Alex Ndibwami of Uganda Martyrs University offers his perspective on urbanisation in Uganda, and its energy challenges.
Today’s municipalities as we know them are the cities of tomorrow. I have come to terms with the fact that cities are inevitable but, much as development of any sorts borrows from global trends, it is also possible to plan how sustainably a society will harness the resources the environment provides. If only as a warning, it has been predicted that the least developed countries unfortunately, will have the least resilience in the event of any [imminent] natural disasters – the consequence of a wasteful attitude toward our natural resources.
Top of the list of resources is energy, or rather where it is harnessed. Energy at a social level contributes to how we live, how we work, how we relate, how we think and how we consume. But for some time and now, today – the main question is about how efficiently it is used and how accessible it is.
In Uganda, like any other (Sub-Saharan African) society, there are a number of different sources of energy and end uses. Hydro is a ‘popular’ albeit unreliable source of energy and in households for example, this electricity: is used for lighting, cooking, among other household needs or luxuries. Nationally though, wood based fuel is the most utilised resource because it is not only affordable, but fits within the traditional way of living and preparing meals. The urban dimension of things however, requires us to look beyond that household threshold to how accessible for example electricity is and how efficiently oil/gas is used and perhaps what alternatives there are in order to mitigate the impacts of (uncontrolled) consumption at both domestic and commercial scale.

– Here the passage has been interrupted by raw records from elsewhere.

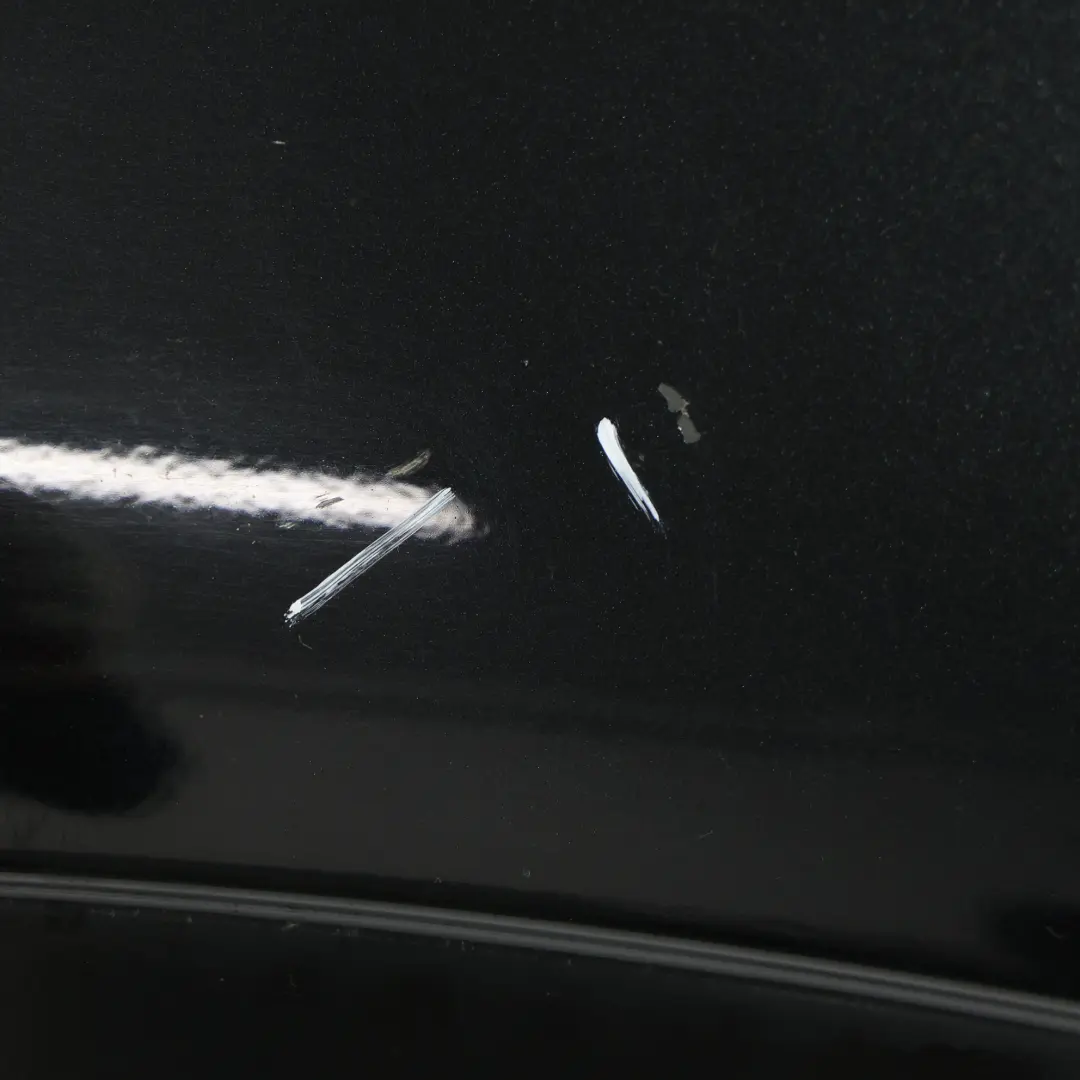 Panel Lateral Ala Guardabarros Delantero Derecho Black Sapphire - 475 para BMW X5 E53 con número de pieza 7121008 BMW X5 E53 Panel Lateral Ala Guardabarros Delantero Derecho Black Sapphire - 475 - SKU 7121008-BS - Número de pieza 7121008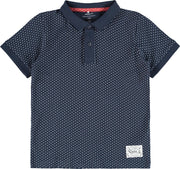 NAME IT NKMTITO SS POLO Jongens T-shirt - Maat 134/140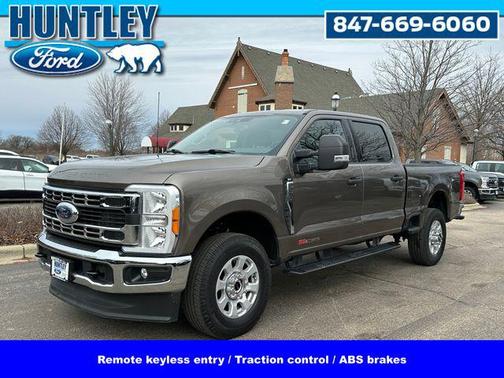 2023 Ford F-250 XLT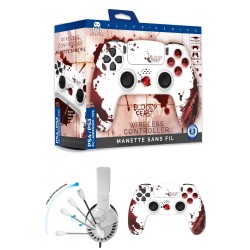 Pack de manette et casque -...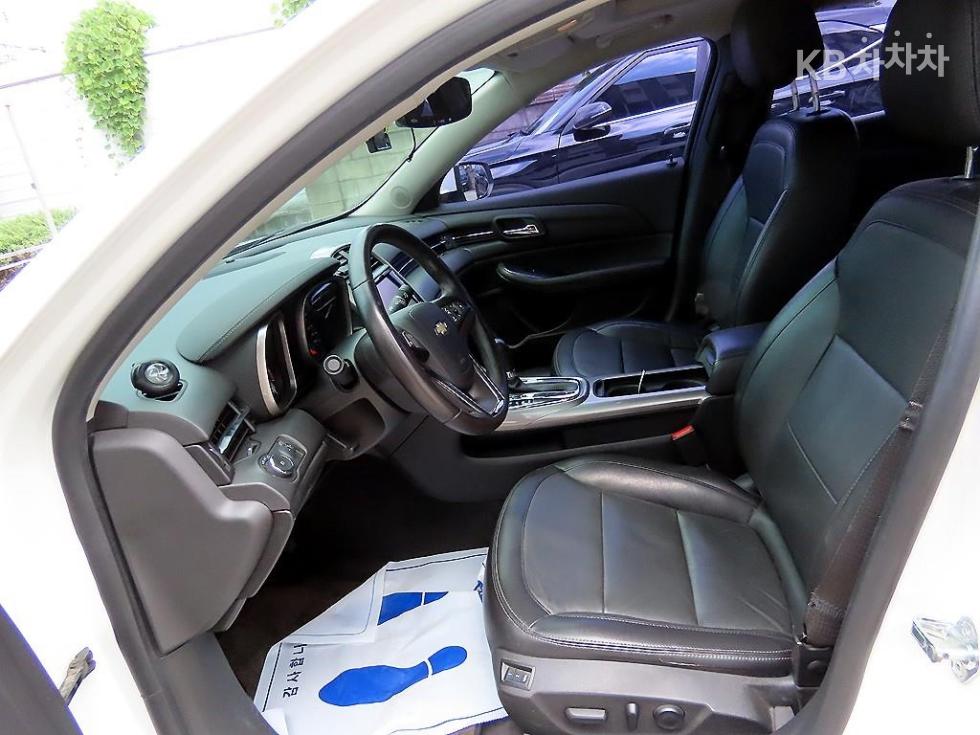 Chevrolet Malibu — miniaturë 5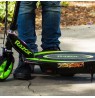 Scooter electric Razor E90 Power Core 13173802 (black color, green color)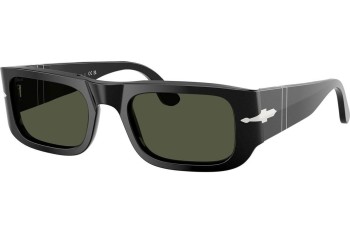 Sunčane naočale Persol PO3362S 95/31 Kvadratni Crni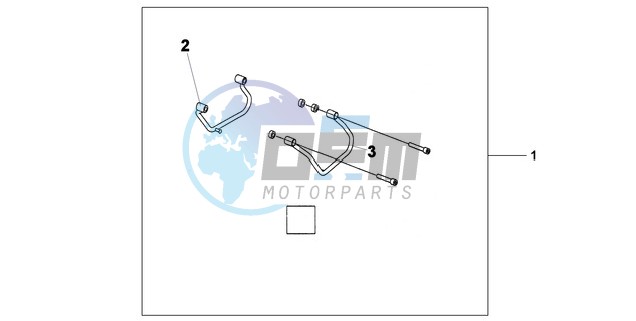 CH S/B SUPPORT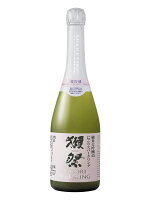 獺祭(だっさい) 純米大吟醸 スパークリング45 720ml 要冷蔵 【日本酒 地酒 山口】
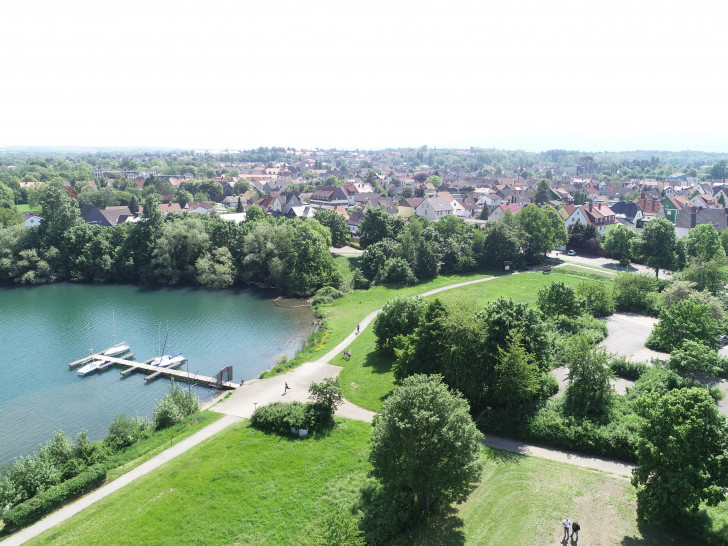 Besonders im Sommer ist der Vienenburger See ein beliebtes Ausflugsziel. Foto: Stadt Goslar
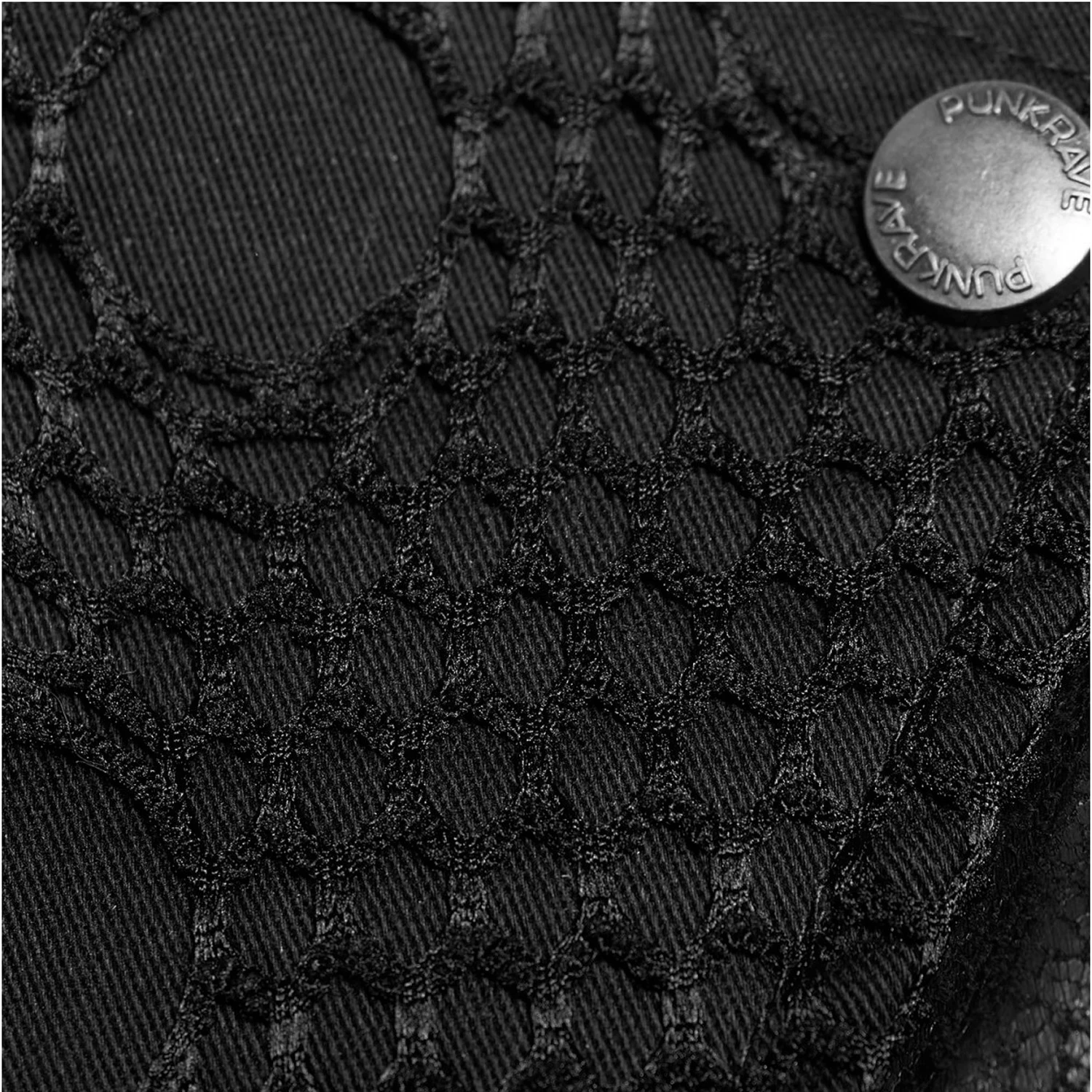 Veste Homme 'Poisonblack' Noire 22 Veste Homme 'Poisonblack' Noire – Image 20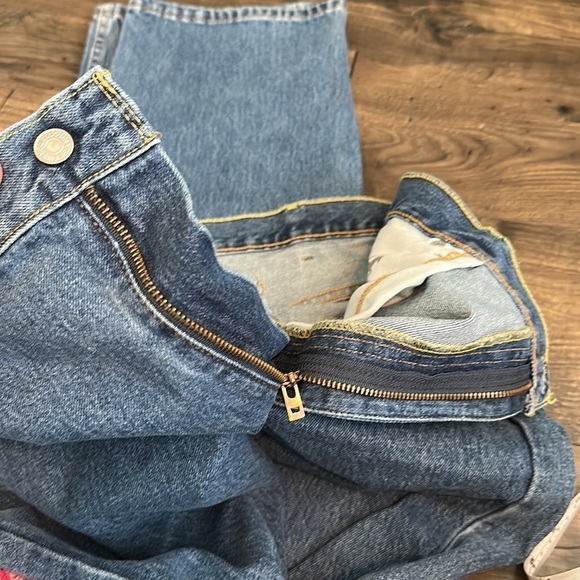 Mens Levi’s 550 - Picture 10 of 15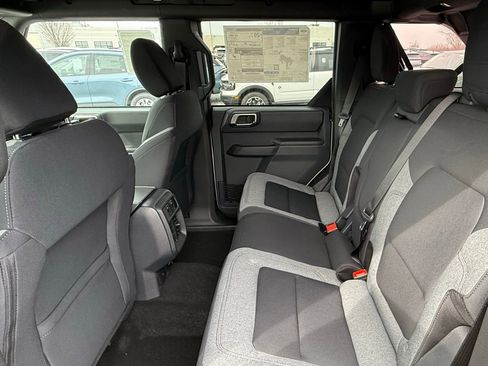 New 2026 Ford Bronco Big Bend AWD/4WD image 17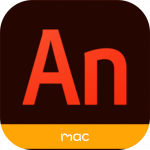 Adobe Animate CC 2015 mac <span style='color:#ff0000;'>v15.2.1 (2015.2)</span>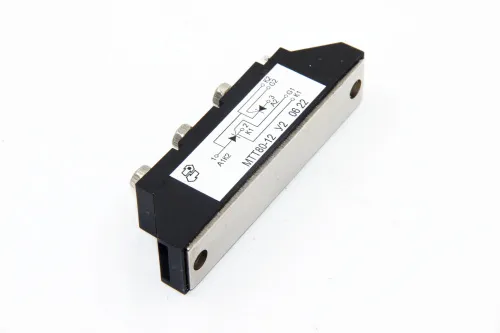 МТТ80-12 силовой модуль фото 6 МТТ80-12 силовой модуль фото 6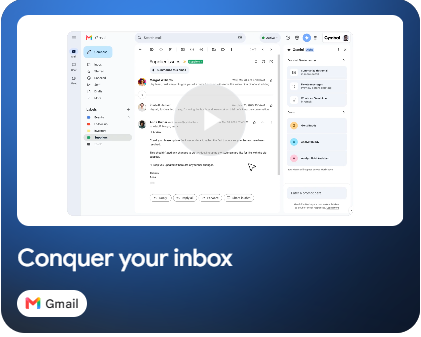 Gemini Inside Gmail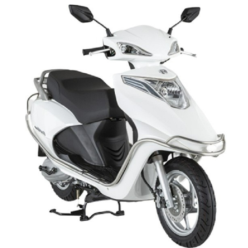 Mondial Fury 110i Motosiklet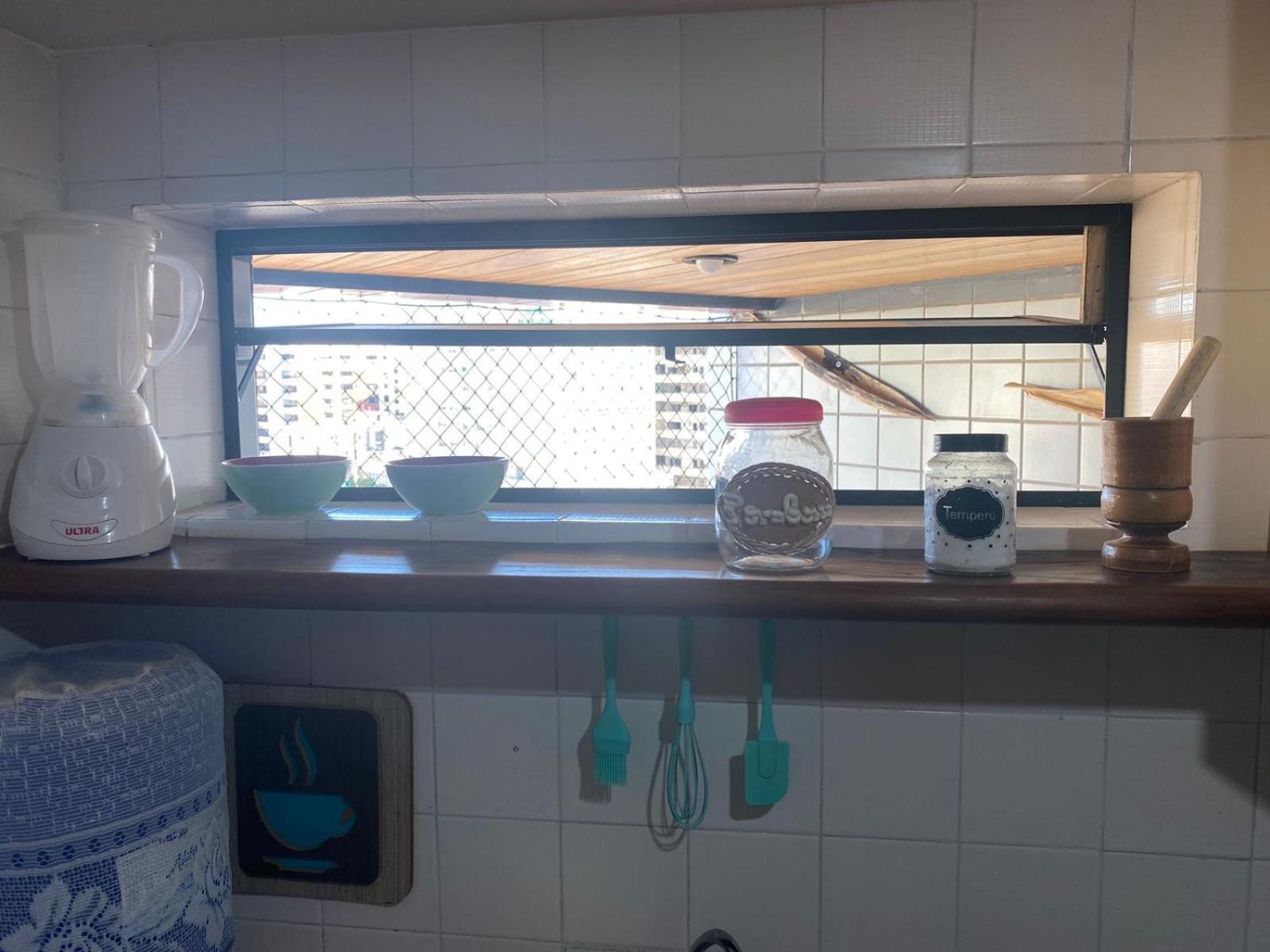 De Ponta Em Frente Ao Tropico Com Garagem, Wi-fi, Lavadora - Apto703 * Maceió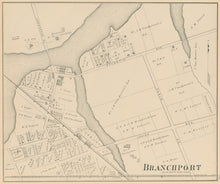 Load image into Gallery viewer, Woolman, H.C. &quot;Branchport&quot;
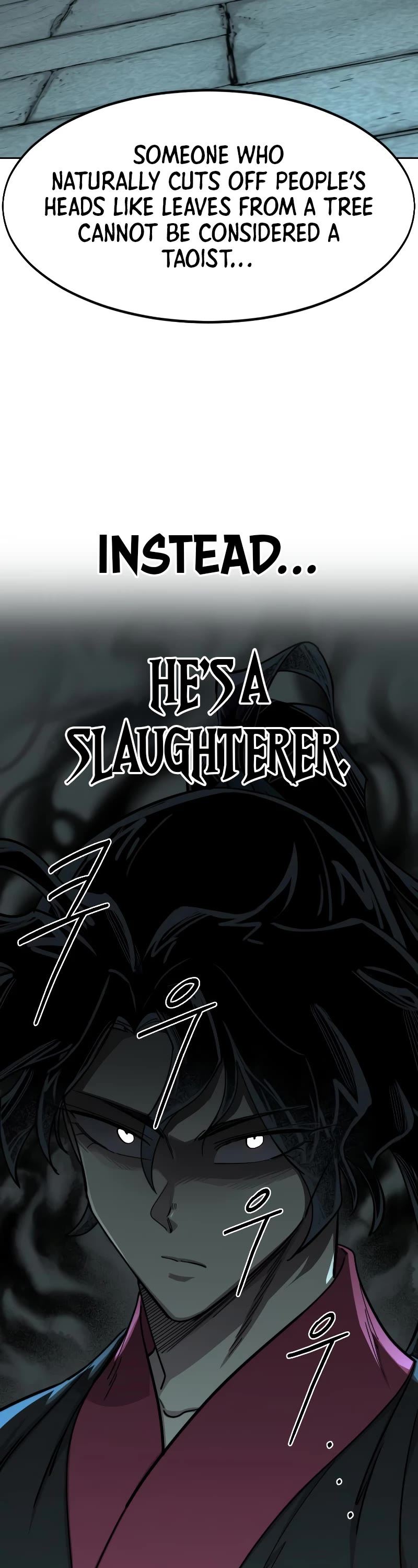 Read Return of the Mount Hua Sect ENGLISH Manga Online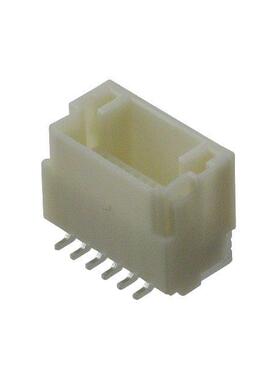 BM06B-NSHSS-TBT 1mm6pin1排立贴JST原装连接器供应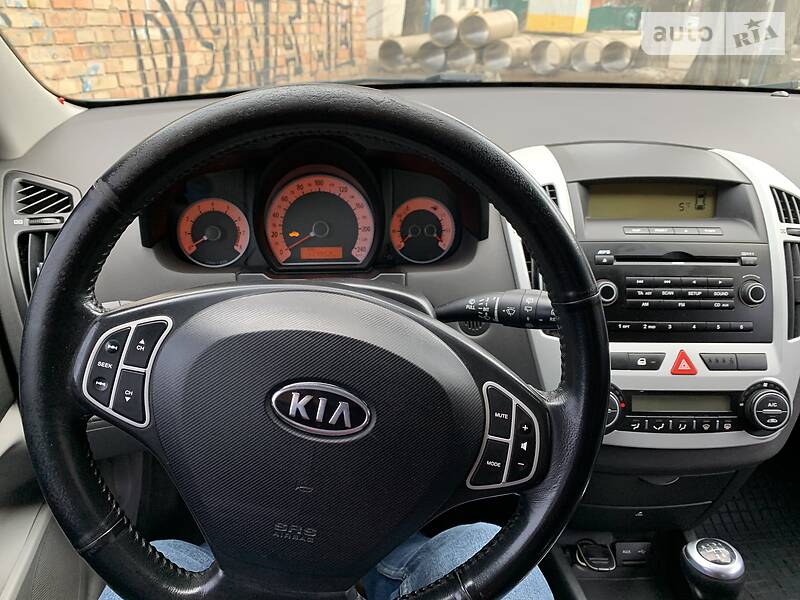 Хэтчбек Kia Ceed 2008 в Киеве фото 11 Хэтчбек Kia Ceed 2008 в Киеве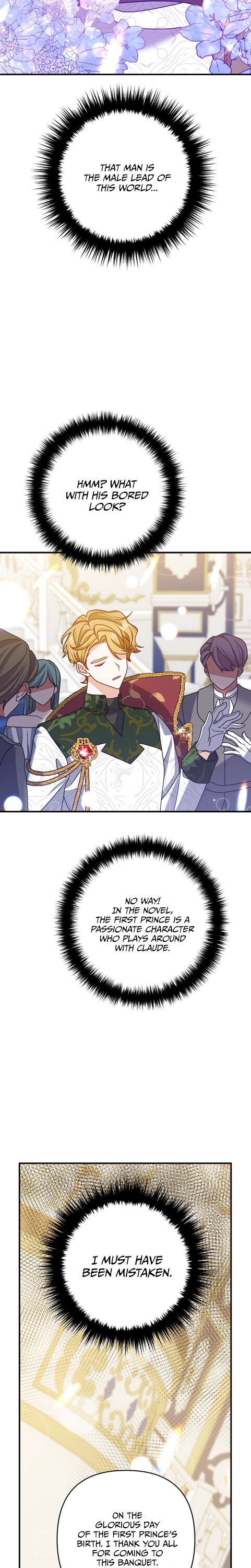 Divorce Me, Husband! chapter 8 - page 9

But, this is not a concern of many a consumer, because all they need to know is how to survive. Research initiatives are one way to fill this gap – to advance knowledge on how to deal with some of these issues. As such, it is a great privilege to be part of such a formidable team. Indeed, SAMSET is well situated to cater to as wide a context for Africa in West Africa (Ghana), East Africa (Uganda) and Southern Africa (South Africa); and such seasoned partners from the United Kingdom. The Faculty of the Built Environment at Uganda Martyrs University is committed to research on energy and SAMSET adds an action-oriented dimension for which we are eager to undertake. The level of service delivery and how far issues to do with energy are understood varies in each context; what is common though is that it ought to be improved. In this regard, the first network meeting reiterated the need for a careful stakeholder analysis and appreciation of cultures of reception. As such, for SAMSET to make significant strides, the selection of stakeholders has to take into account the contribution they will make and how strategically situated they are – in local government, community based organisations and the like. In addition, we will be dealing with municipal councils and their constituents whose context we have to appreciate for them to embrace any interventions.
We look forward to a successful project.